川越市場の未来を考える ― 物流環境の変化と地域経済の要として
- 真史 倉嶋
- 8月7日
- 読了時間: 3分
はじめに
令和5年9月議会において、「卸売市場の今後について」一般質問を行いました。川越市は商業・工業・農業のバランスが取れた産業構造を持ち、埼玉県西部の経済をリードしてきました。古くは新河岸川の舟運、明治以降の鉄道、近年では圏央道の開通など、川越は歴史的に物流の拠点として発展してきました。
その中心的施設のひとつが「川越総合地方卸売市場(川越市場)」です。しかし、物流や流通環境の変化は著しく、仲卸業者や入場業者の減少、消費行動の多様化など、市場の役割が問われる時代になっています。
今回の質問では、以下の観点から現状と課題を整理し、今後の方向性を探りました。
1.川越市場の設立経緯と市の関わり
まず、市場の開設経緯と川越市の立ち位置を確認しました。
川越市場は、埼玉県卸売市場整備計画に基づき平成6年に開場
目的は「生鮮食料品の安定供給」と「生産者の安定的販路の確保」
川越市は約68.8%を出資する筆頭株主で、狭山市(9.2%)、坂戸市(5.5%)など計13株主で構成
行政と民間が出資する第三セクター市場であり、市場と市はあくまで別組織
この確認を通じて、市場運営は民間主導である一方、市としての関与は極めて大きいことを再認識しました。
2.川越市場の現状と課題
次に、市場の現状を整理しました。
仲卸業者の減少
青果仲卸業者は過去20年で8社→4社
水産仲卸業者は26社→9社(約3分の1)
後継者不足や流通量減少、仕入先の多様化が背景
市場業績と利用者動向
経営は毎期黒字を維持
一般開放「お客様感謝市」は消費者に好評だが、来場者は令和3年度以降減少傾向
利用者・業者の意見
一般開放を評価する声
一方で、業者からは「仕入業者と一般客のすみ分け」「鮮度やブランドの維持」への懸念もあり
私はこの状況を踏まえ、関係者のビジョンや方向性が十分に共有されていないことを大きな課題と認識しました。
3.川越市場の強みと可能性
川越市場には明確な強みがあります。
県内3か所のみの水産市場の一つ
関越道ICに近い地理的優位性
青果・水産・食肉・関連事業が集まる総合市場であること
しかし、この強みを十分に生かしきれていない現状も見えてきました。
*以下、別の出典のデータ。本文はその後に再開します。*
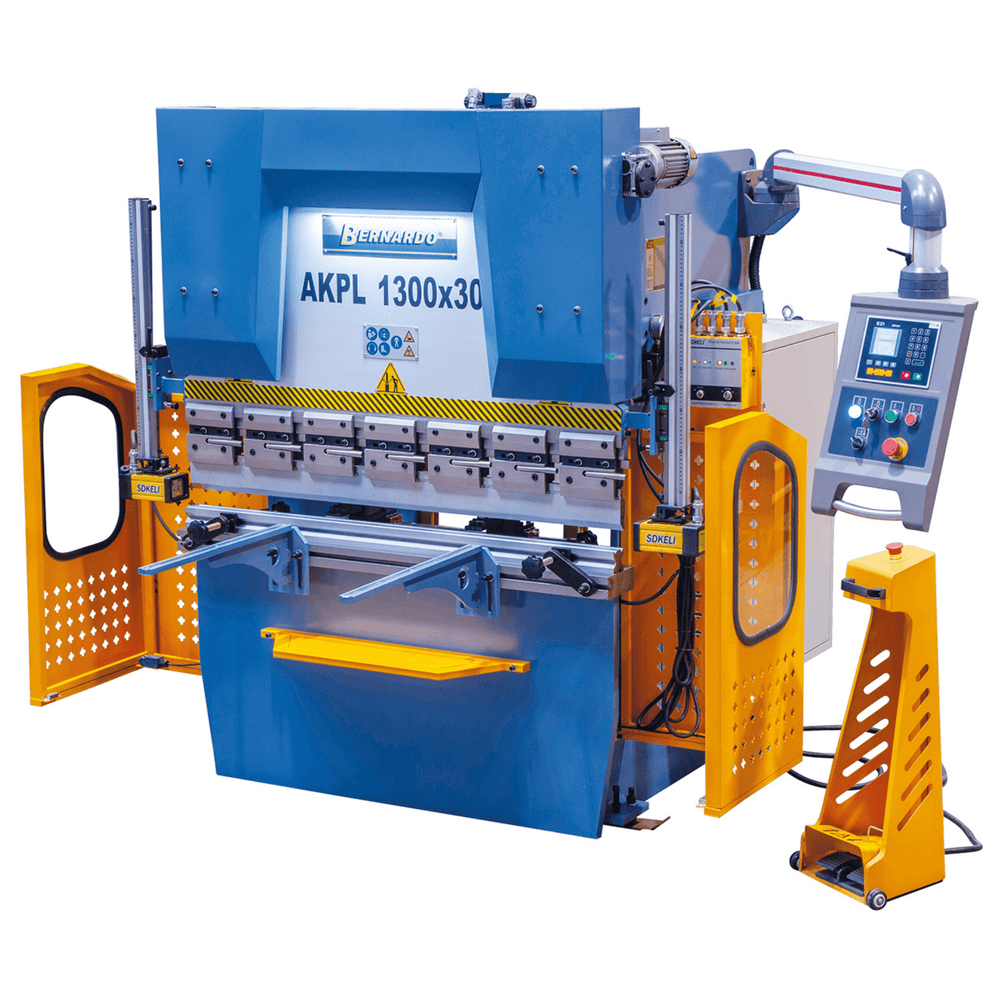 Bernardo AKPL 1300 x 30, pressa piegatrice idraulica da 30 tonnellate con CNC E21S, utensili inclusi e protezioni di sicurezza.
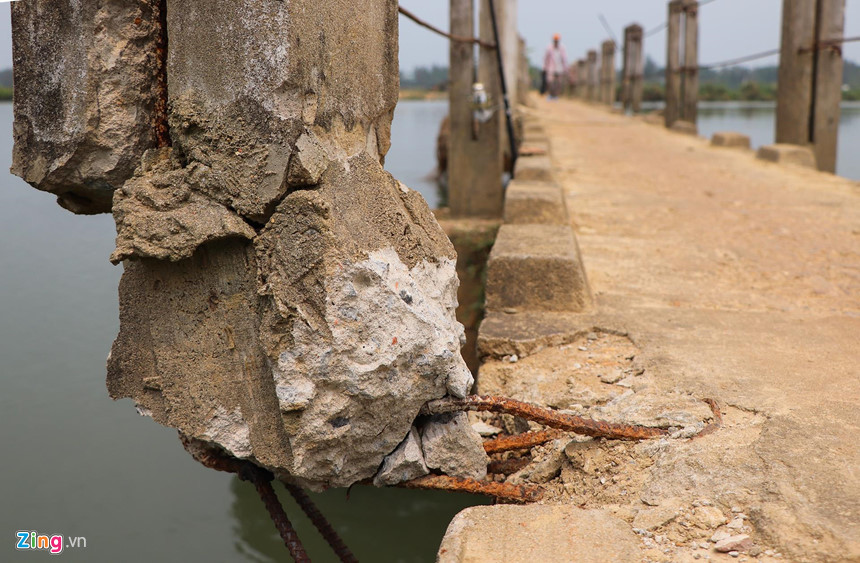 can canh cau tu than noi hang chuc nguoi chet khi di ngang qua o quang nam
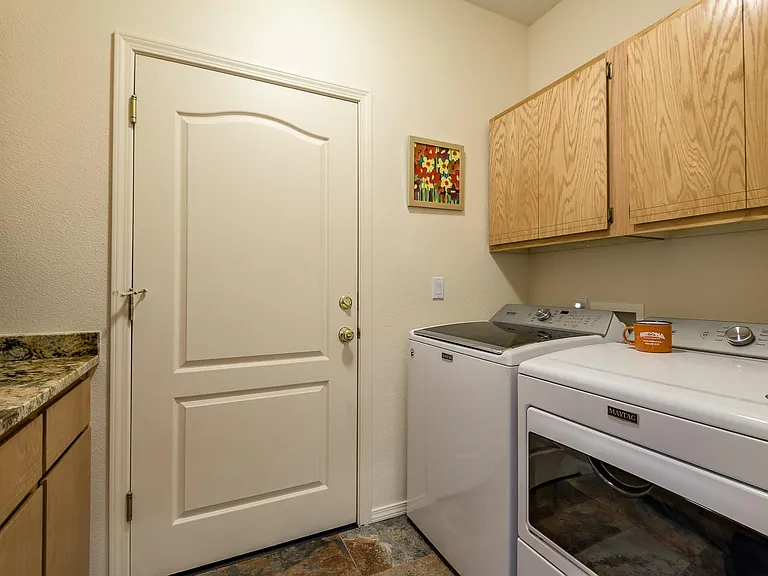 65 Kashmir Rd — Photo 46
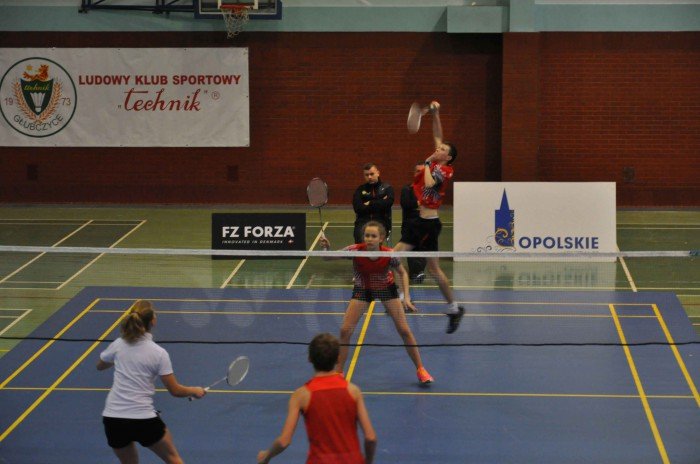medale-badmintonistow-chojnika-foto-60650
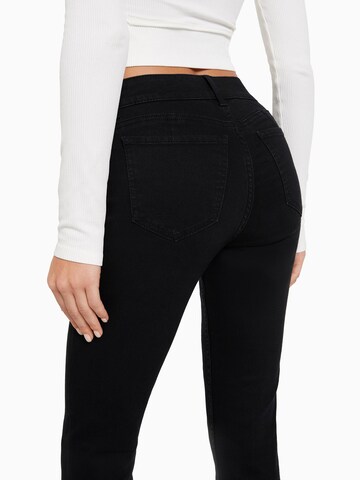 Skinny Jeans de la Bershka pe negru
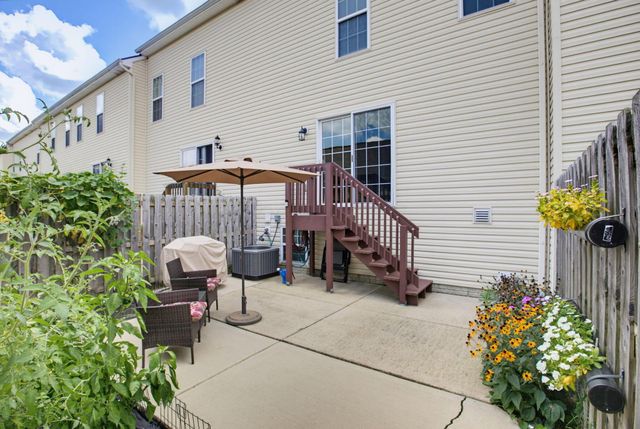 6532 Nottinghill Trail Drive, Canal Winchester, OH 43110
観光資源としての期待、プロ向けブランド戦略、広域的な仕入拠点としての機能強化をどう両立させるかが鍵となります。
4.市場の未来に向けた提案
今回の質問を通して、私は以下の2点を強調しました。
ビジョンの共有と広域的な視点
市場の方向性を川越市の産業・観光ビジョンと連動させる
9市町の株主を含む広域連携で中長期の活性化策を進める
市場機能の強化と空き区画の有効活用
冷蔵・冷凍・衛生設備の整備で仲卸業者の生産性向上
見学ルート整備や一般客と業者のすみ分けでブランド価値を高める
千葉県の新生成田市場の事例に学び、物流変化に対応した市場づくりを進める
市場は、空き区画が生じた今こそ大きな転換点にあります。
まとめ
川越市場は、これまで30年間、地域の食を支えるインフラとして機能してきました。しかし、流通・消費・テクノロジーの変化により、求められる役割は大きく変わっています。
市場の強み(水産・総合市場・地理的優位)を生かす
広域的・中長期的なビジョンを関係者で共有する
空き区画を活用した機能強化により、新たな価値を創出する
これらを市としてしっかり後押しし、川越市場が地域経済と食文化を支える拠点であり続けるよう、私は今後も議会で提案と検証を続けてまいります。